The insula is known to be implicated in interoceptive awareness and cognitive control (Critchley et al., 2004), in allocating auditory attention, and in visual-auditory integration (Bamiou et al., 2003). Its activation in fMRI neurofeedback studies has consistently been reported (Emmert et al., 2016). The anterior insula (aI), in conjunction with the dorsal anterior cingulate cortex (dACC), constitute the majority of the brain’s salience network, which filters the most relevant of all available internal and external stimuli. In chronic tinnitus, increased activation of both areas has been reported (Elgoyhen et al., 2015) and proposed to be associated with the salience assigned to the phantom percept, potentially impeding habituation (De Ridder et al., 2014, De Ridder et al., 2011). The robust bilateral activation of aI observed in our study aligns with existing evidence from fMRI neurofeedback (Sitaram et al., 2017). The latter has been attributed to a part of the reward processing network in the brain and is likely to supersede any potential hyperactivity that could be attributed to tinnitus, making it challenging to discern a distinct interpretation from the current findings.

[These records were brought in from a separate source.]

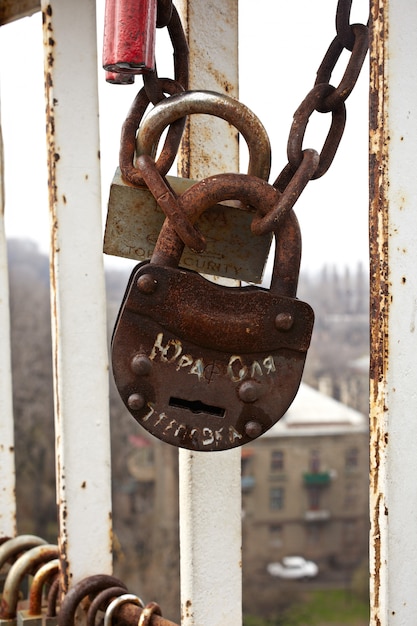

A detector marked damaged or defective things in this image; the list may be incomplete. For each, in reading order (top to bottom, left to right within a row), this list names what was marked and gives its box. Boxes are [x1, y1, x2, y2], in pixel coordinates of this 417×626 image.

rusty padlock [103, 89, 272, 282]
rusty padlock [110, 173, 312, 450]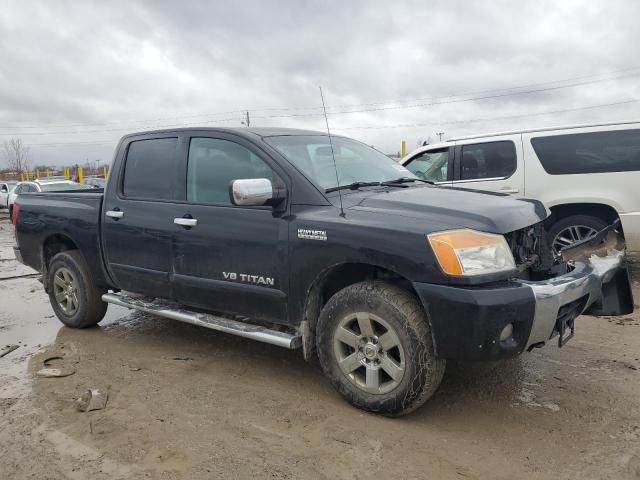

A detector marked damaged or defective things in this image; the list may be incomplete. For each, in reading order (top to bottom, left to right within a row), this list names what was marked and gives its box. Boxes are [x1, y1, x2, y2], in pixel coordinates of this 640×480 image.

damaged front bumper [412, 229, 632, 360]
cracked bumper [416, 251, 632, 360]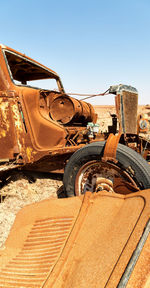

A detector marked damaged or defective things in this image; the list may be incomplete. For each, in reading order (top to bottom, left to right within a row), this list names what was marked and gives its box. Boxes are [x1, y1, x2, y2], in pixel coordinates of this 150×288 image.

rusted grille [0, 217, 73, 286]
brown rusted panel [0, 190, 149, 286]
corroded metal surface [0, 190, 149, 286]
orange rusted fender [0, 190, 150, 286]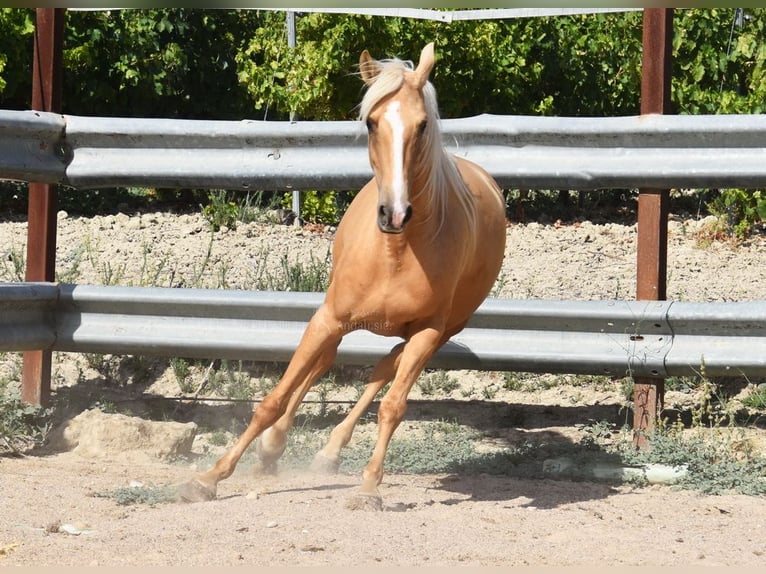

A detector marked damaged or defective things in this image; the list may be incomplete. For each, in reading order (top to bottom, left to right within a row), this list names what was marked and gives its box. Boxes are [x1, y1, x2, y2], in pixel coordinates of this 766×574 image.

rusty metal post [21, 7, 65, 404]
rusty metal post [636, 7, 672, 450]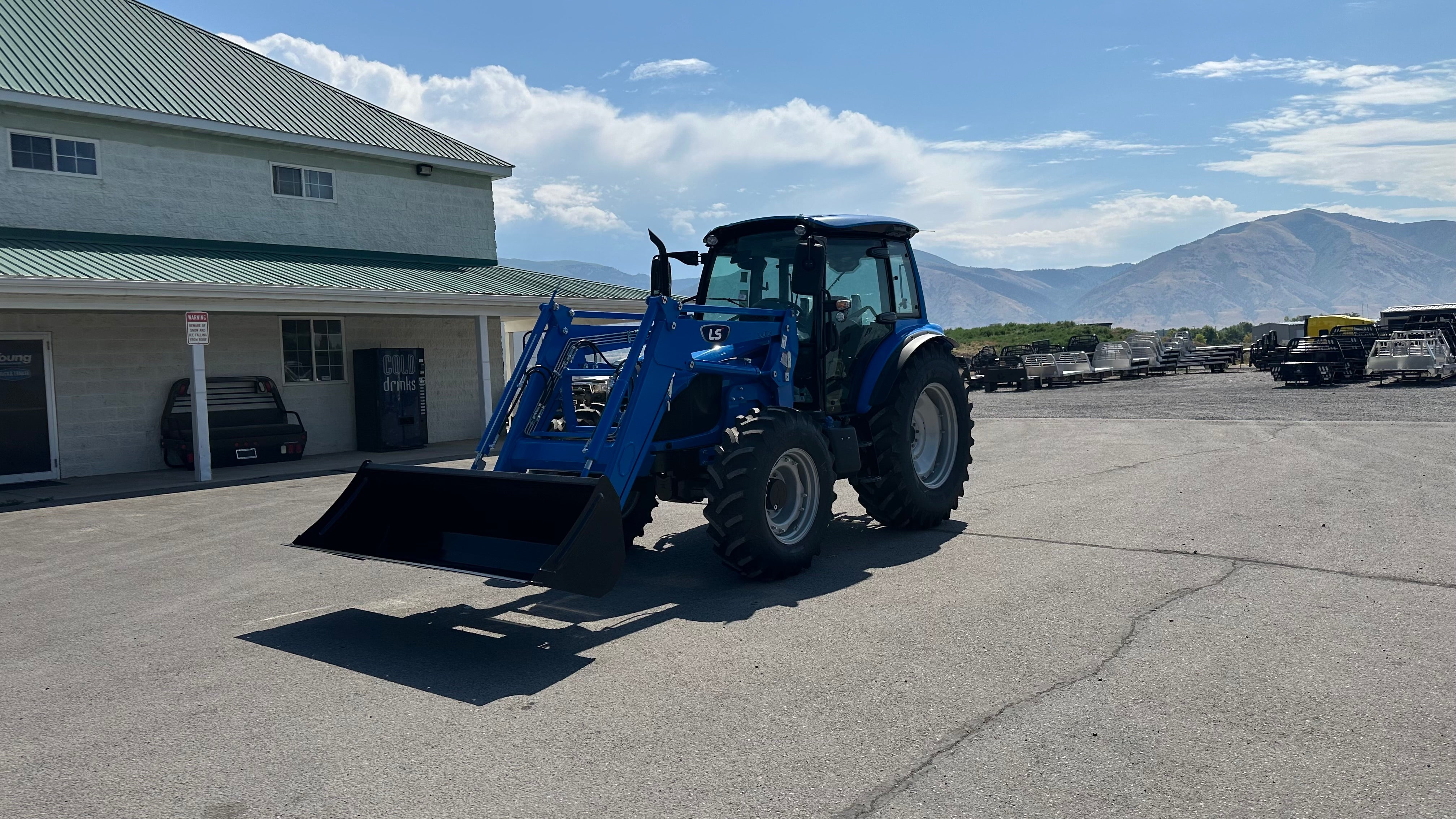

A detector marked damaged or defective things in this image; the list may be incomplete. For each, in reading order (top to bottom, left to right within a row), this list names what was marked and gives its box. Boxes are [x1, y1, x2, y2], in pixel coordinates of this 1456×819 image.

pavement crack [959, 422, 1288, 500]
pavement crack [953, 532, 1456, 589]
pavement crack [832, 560, 1242, 815]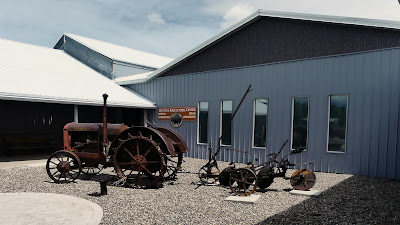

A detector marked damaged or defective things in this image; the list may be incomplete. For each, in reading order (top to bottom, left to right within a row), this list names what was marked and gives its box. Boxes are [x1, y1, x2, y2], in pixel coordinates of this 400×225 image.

rusty red tractor [45, 93, 188, 188]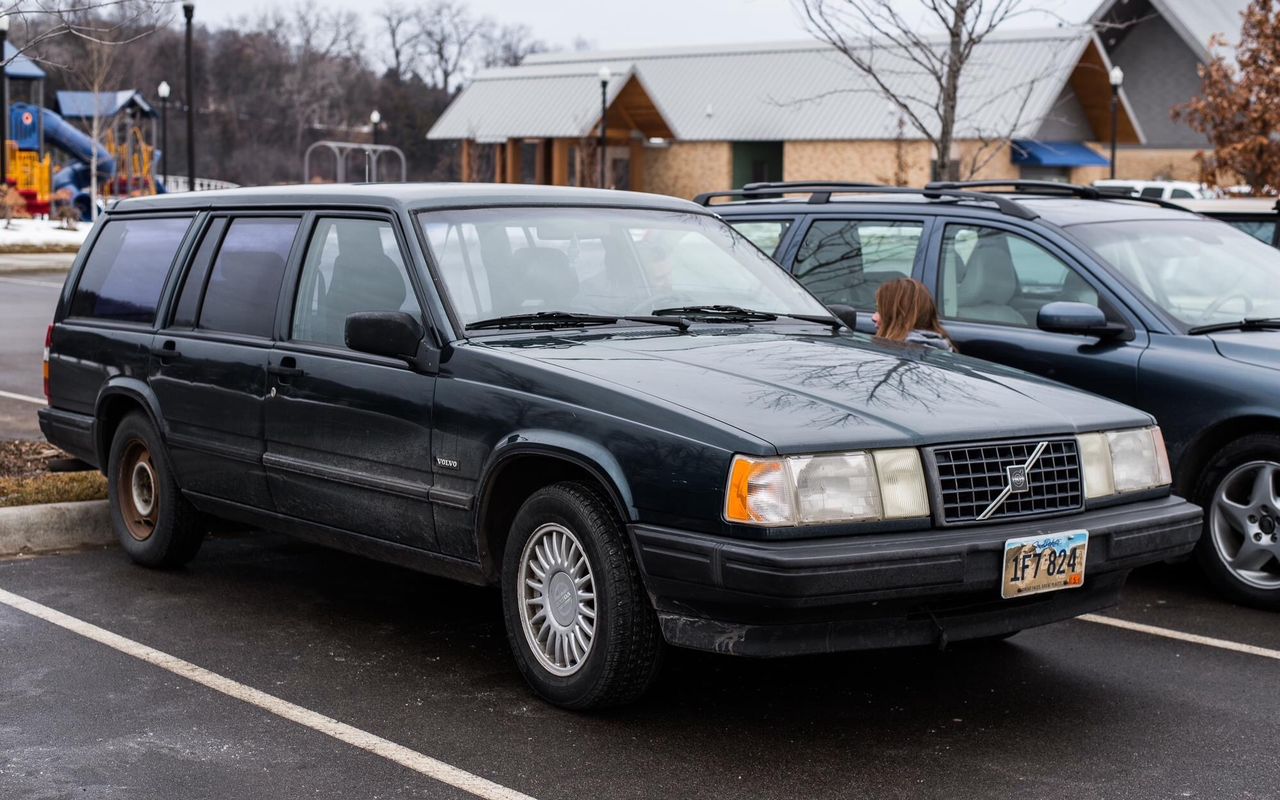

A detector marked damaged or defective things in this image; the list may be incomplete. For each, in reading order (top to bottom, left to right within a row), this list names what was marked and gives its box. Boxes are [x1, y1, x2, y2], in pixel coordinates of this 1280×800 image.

rusty steel wheel [115, 437, 158, 542]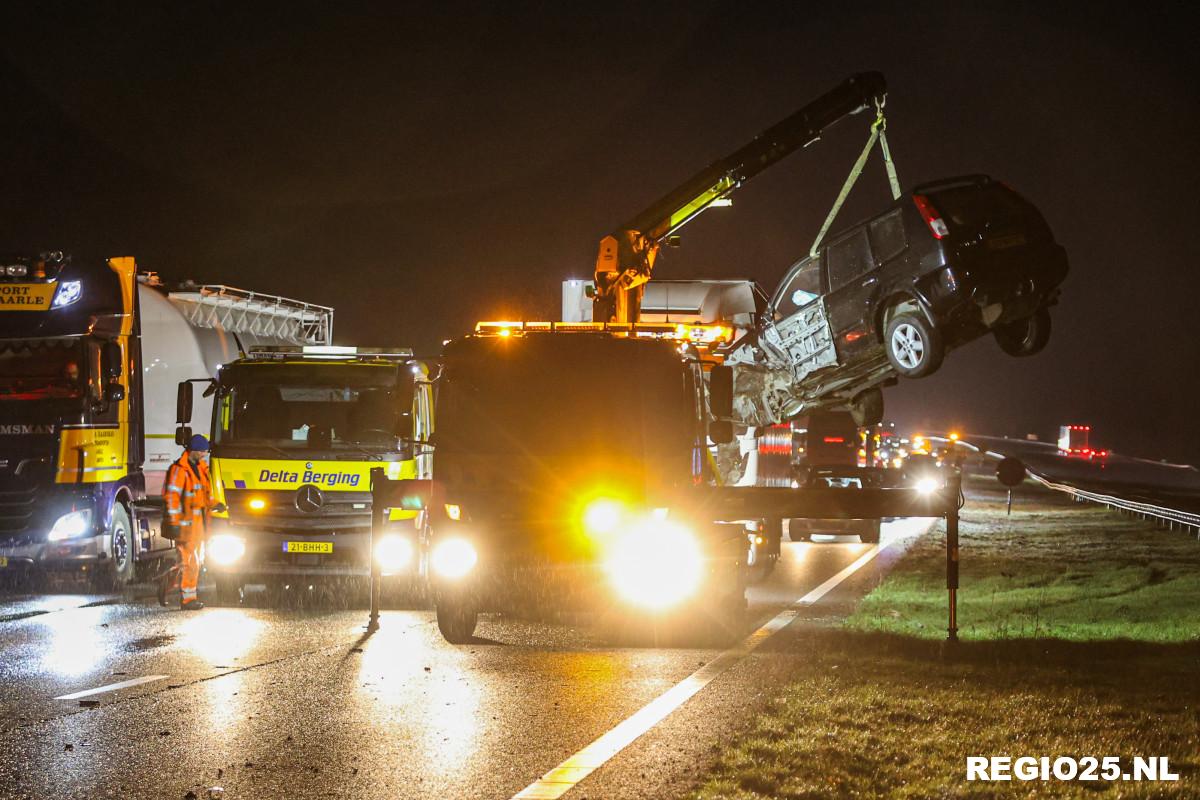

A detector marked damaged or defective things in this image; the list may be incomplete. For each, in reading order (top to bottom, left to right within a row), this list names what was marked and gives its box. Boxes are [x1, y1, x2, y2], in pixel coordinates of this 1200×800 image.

lifted damaged suv [728, 175, 1072, 424]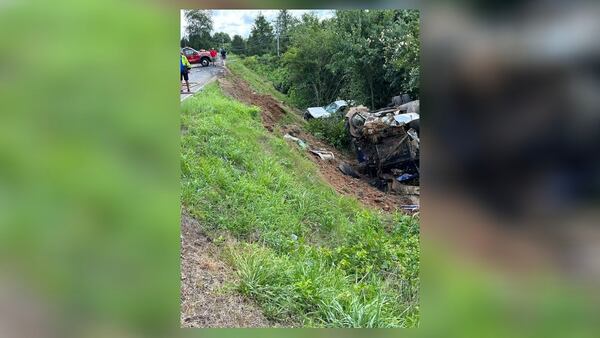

Sustained activation in the vicinity of PT_R_ has previously not been documented in fMRI neurofeedback literature (Sitaram et al., 2017). This region raises interest related to the pathophysiology of chronic tinnitus. PT is a highly asymmetric brain region located posterior to Heschl’s gyrus within the Sylvian fissure, considered part of the secondary auditory cortex. Beyond its involvement in language processing, this area has been suggested to contribute to an auditory attentional network, although its computational function is not contingent upon attention (Griffiths and Warren, 2002), but rather linked to the processing of spectrally and temporally complex sounds. A prior PET study has associated the experience of gaze-evoked tinnitus with increased activity in bilateral areas near the junction of PT and planum parietale (Giraud et al., 1999). However, the reported hyperactivity was more pronounced in the left hemisphere. In our study, the consistent activation observed in right PT could be related to the ongoing (sub)conscious reassessment of the phantom percept during cognitively demanding defocalization strategies that entail shifting attention during fMRI neurofeedback downregulation trials.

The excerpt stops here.